(b. 1518, Venezia, d. 1594, Venezia)
Moses Drawing Water from the Rock1577
Oil on canvas, 550 x 520 cm
Scuola Grande di San Rocco, Venice
This painting is on the ceiling of the Sala Superiore.
After finishing the central canvas on the ceiling of the Upper Hall Tintoretto immediately began to carry out the two large side paintings at the beginning of 1577. In this painting, which clearly alludes to the task of the Brothers of the Scuola of quenching the thirst of the poor, Moses, by his clothes and pose, recalls the figure of Christ and the water gushing from the rock symbolizes the blood that flows from the side of the Son of God. At the centre of the canvas, Moses strikes a rock and powerful streams of water erupt from it, filling plates, bowls, and jars held out eagerly by the parched Israelites.
God the Father, borne aloft on a supernatural crystal globe, comes in haste to save his thirsty people.
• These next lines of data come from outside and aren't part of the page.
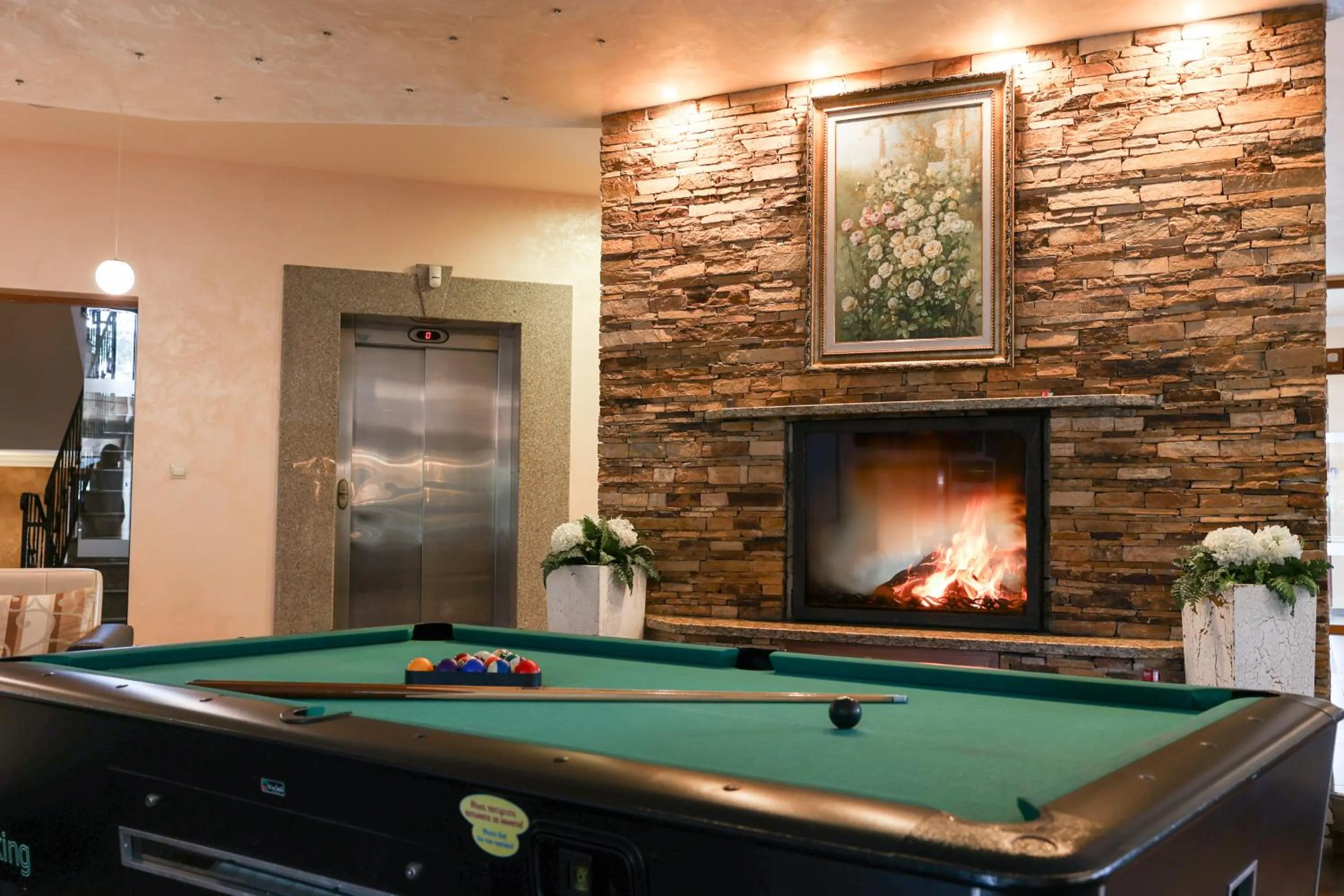 Billiard in Smartr Green Wood Hotel & Spa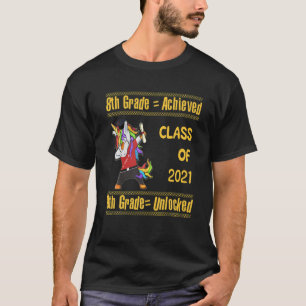 8. Klasse 2021 erreicht 9. Grad Unverriegeltes Uni T-Shirt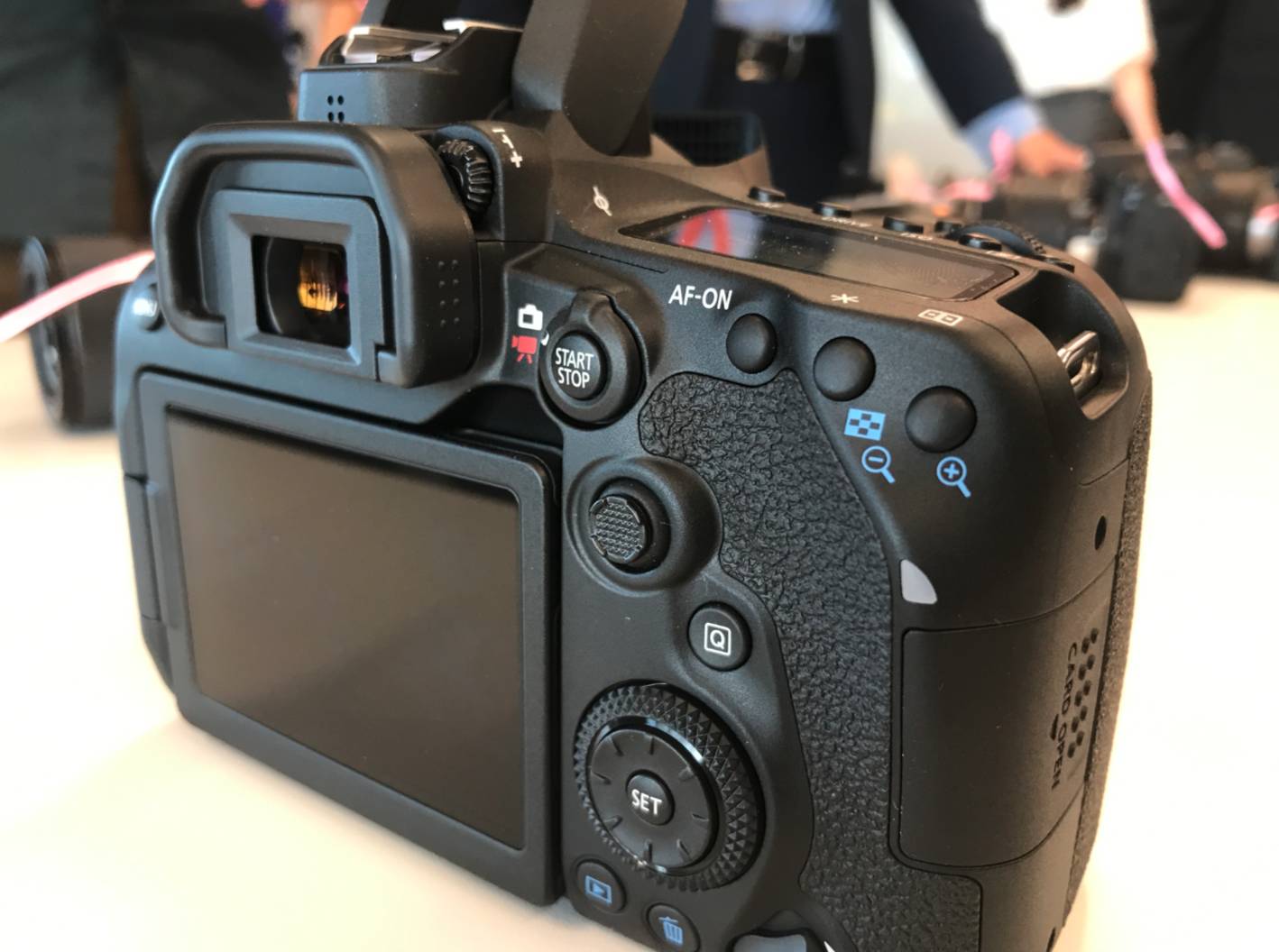 康佳eos90d图赏单机以及套机价格很亲民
The water struck by Moses from the rock for the Israelites seems to be spurting toward the viewer past the leaves of a fig tree. In the background is yet another threat: the Amalekites are attacking the camp of the children of Israel. The Lord observes from above.
To care for the health and nourishment of the poor, the common denominator between the three great ceiling paintings, was among the principal social obligations of the Scuola Grande di San Rocco.